El hombre evolucionó y se percató de la necesidad de trascender, de informar y formar a las generaciones venideras, de modo que se las ingenio para establecer de registro de ideas. Quizá no la primera pero si de las primeras manifestaciones son las pinturas rupestres.
Muchos, pero muchísimos años después, se genera en México un estilo artístico en la pintura: el Muralismo. Los artistas que se destacan en él son los contemporáneos Diego Rivera, David Alfaro Siqueiros, José Clemente Orozco y Rufino Tamayo, los cuales, por sus ideologías políticas y concepciones diversas, manifiestan estilos tan diferentes.
Los murales que han trascendido son el de la Torre de Rectoría de la Universidad Nacional Autónoma de México, el mural del Castillo de Chapultepec, los del Palacio Nacional en la Ciudad de México, en el Teatro de los Insurgentes.
Las temáticas de los murales, al menos en su fase de proliferación en México, son escenas y visiones artísticas de una sociedad pos-revolucionaria.
Posteriormente, se propagó este estilo a otras naciones de Latinoamérica, como Argentina, Brasil, Estados Unidos, entre otros.

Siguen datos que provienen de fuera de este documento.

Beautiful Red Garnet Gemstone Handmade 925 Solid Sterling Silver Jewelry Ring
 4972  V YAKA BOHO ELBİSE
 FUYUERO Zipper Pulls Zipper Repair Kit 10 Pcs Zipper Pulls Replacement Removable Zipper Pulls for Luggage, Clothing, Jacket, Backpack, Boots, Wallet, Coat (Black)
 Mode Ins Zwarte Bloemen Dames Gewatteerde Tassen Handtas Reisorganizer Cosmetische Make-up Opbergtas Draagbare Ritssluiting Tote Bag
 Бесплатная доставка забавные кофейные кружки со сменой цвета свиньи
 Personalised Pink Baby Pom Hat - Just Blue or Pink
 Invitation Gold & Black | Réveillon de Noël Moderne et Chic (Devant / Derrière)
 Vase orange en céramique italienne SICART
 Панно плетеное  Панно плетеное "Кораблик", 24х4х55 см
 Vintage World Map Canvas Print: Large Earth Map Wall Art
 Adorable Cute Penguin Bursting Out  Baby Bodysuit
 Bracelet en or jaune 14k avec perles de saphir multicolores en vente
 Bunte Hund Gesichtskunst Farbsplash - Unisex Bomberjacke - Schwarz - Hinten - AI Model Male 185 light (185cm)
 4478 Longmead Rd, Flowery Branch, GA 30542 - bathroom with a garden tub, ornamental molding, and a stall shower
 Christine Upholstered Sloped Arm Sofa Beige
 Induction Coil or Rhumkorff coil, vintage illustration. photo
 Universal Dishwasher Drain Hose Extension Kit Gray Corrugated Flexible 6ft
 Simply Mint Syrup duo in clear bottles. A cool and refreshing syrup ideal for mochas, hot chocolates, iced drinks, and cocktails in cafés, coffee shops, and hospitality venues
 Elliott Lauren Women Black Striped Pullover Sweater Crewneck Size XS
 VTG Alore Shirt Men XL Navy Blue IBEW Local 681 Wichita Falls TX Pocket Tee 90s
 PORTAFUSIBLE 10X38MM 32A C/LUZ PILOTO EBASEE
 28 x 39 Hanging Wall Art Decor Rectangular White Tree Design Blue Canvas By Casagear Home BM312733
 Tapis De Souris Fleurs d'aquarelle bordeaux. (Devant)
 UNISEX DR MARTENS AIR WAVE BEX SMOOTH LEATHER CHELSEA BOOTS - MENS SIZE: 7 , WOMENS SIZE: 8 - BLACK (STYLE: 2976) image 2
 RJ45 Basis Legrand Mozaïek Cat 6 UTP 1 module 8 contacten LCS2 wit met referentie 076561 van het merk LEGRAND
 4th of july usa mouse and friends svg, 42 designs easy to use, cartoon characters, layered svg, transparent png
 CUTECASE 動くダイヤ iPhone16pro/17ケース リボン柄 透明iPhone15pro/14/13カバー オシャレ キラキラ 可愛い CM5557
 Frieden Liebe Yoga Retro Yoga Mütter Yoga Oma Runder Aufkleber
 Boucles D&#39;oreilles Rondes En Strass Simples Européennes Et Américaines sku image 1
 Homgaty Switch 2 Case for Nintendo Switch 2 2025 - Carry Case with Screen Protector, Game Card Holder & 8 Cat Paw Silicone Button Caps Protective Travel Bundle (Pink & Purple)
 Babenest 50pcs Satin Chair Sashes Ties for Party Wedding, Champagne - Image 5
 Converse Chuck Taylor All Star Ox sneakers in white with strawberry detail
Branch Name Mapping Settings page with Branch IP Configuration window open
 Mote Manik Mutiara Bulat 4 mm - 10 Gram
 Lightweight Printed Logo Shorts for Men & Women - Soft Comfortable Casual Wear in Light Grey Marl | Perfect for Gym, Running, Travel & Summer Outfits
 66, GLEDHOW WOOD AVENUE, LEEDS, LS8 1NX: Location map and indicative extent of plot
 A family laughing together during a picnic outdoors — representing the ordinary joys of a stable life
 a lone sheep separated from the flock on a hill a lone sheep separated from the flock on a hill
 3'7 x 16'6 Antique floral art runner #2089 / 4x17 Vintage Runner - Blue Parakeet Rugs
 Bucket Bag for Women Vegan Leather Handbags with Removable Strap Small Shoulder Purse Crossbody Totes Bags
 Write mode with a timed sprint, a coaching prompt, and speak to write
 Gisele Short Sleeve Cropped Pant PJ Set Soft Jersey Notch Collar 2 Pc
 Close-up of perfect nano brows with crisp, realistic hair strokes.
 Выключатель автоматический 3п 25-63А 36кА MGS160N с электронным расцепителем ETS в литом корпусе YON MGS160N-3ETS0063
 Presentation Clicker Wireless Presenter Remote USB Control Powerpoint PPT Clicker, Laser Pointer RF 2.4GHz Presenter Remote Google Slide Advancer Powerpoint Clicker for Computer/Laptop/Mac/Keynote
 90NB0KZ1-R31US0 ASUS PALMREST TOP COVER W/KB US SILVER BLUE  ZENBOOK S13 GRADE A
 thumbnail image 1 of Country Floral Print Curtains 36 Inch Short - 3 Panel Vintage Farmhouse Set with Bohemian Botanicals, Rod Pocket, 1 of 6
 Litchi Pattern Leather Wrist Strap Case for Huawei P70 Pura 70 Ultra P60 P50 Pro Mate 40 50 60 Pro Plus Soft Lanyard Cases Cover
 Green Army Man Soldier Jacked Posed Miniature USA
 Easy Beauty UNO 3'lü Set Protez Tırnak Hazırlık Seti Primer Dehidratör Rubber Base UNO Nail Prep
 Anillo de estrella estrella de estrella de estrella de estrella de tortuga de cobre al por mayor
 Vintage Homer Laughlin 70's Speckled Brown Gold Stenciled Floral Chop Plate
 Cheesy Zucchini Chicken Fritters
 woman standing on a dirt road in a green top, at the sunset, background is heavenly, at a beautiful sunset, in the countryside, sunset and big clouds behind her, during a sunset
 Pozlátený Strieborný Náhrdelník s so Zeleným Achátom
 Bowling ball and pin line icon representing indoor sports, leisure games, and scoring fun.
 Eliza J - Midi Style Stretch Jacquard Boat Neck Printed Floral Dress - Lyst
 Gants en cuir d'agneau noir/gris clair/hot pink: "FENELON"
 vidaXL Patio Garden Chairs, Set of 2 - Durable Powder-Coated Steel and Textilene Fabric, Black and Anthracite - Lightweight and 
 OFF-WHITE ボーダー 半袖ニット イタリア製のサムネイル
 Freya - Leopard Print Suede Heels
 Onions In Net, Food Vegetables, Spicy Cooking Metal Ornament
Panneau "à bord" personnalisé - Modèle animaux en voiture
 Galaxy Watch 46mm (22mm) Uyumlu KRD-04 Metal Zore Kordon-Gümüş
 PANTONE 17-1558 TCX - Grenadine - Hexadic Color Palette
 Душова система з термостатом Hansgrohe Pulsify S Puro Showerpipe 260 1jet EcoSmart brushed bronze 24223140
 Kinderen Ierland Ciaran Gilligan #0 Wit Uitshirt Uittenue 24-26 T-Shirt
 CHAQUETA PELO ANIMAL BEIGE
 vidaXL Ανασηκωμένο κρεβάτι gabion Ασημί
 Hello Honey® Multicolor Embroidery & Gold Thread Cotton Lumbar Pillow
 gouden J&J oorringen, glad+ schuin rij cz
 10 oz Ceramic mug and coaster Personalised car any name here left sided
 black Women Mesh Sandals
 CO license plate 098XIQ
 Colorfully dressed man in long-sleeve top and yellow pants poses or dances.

Para el desarrollo de esta técnica fue necesario fusionar varias disciplinas no sólo artísticas sino también de las ciencias para determinar estrategias que permitan que la pintura pueda permanecer mayor tiempo sin el riesgo de que se deteriore.
Una de las características representativas de los murales, o de la técnica del mural, es que su mensaje está en contacto con la gente, en el entorno, de modo que su carácter deja de ser elitista, que en la mayoría de las ocasiones presentan las otras expresiones artísticas porque requieren un espacio definido pero sobre todo más limitado.